Marjorie Taylor Greene, once the unshakeable praetorian guard of the MAGA movement, has delivered a stunning rebuke of Donald Trump, admitting she was “naive” to believe he was ever truly a man of the people.
In a candid interview with the New York Times just days before vacating her seat in Congress, Greene detailed a spiritual crisis that shattered her political allegiance.
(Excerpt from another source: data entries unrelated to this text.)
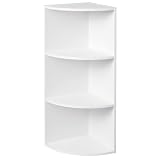 ClosetMaid 8633 Corner Storage Organizer, White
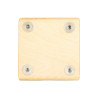 MEINL MC1BW mini cajon meinl facade burl wood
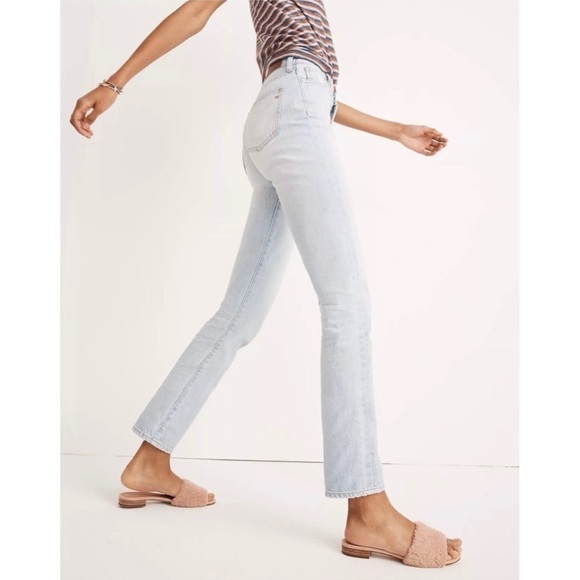 MADEWELL The Perfect Vintage Jean Fitzgerald Wash 27 - Picture 4 of 13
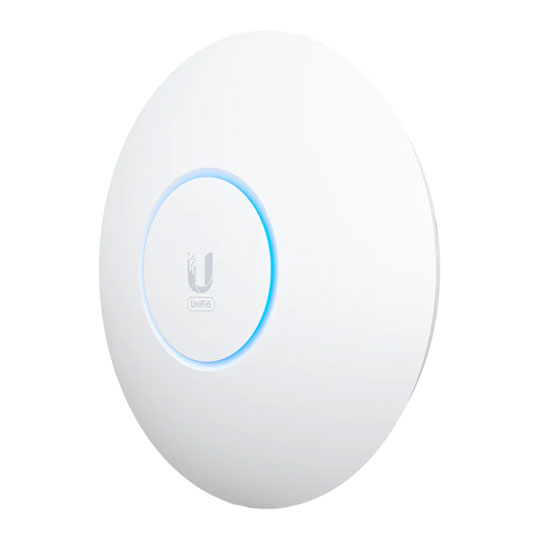 Ubiquiti UniFi WiFi 6E Wireless Dual Band PoE+ Access Point U6 Enterprise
Her reversal marks a seismic shift in the American evangelical right, a demographic whose influence often ripples into Kenya’s own religious and political discourse.
The rupture, Greene explained, was not policy-driven but spiritual. It culminated in September following the death of conservative influencer Charlie Kirk. While watching Kirk’s memorial service, Greene witnessed a moment that she says forced her to choose between her political idol and her Christian faith.
During the service, Kirk’s widow, Erika, publicly offered forgiveness to her husband’s killer—a profound act of grace that Greene noted resonated with sincere Christian teachings. However, when Donald Trump took the stage, the tone shifted drastically.
“That was absolutely the worst statement,” Greene told the Times. “It just shows where his heart is. And that’s the difference, with her having a sincere Christian faith, and proves that he does not have any faith.”
For Kenyan observers accustomed to the intersection of faith and politics, Greene’s pivot is significant. She described the moment as an awakening, realizing she had been conditioned to “never apologize and never admit when you’re wrong”—a tactic she now rejects.
“As a Christian, I don’t believe in doing that,” she emphasized. Greene admitted to a friend that the memorial made her realize she was part of a “toxic culture.”
As she prepares to leave office, the firebrand politician appears to be seeking a different kind of legacy, one less defined by partisan warfare and more by the tenets of her faith. “I really started looking at my faith,” she concluded. “I wanted to be more like Christ.”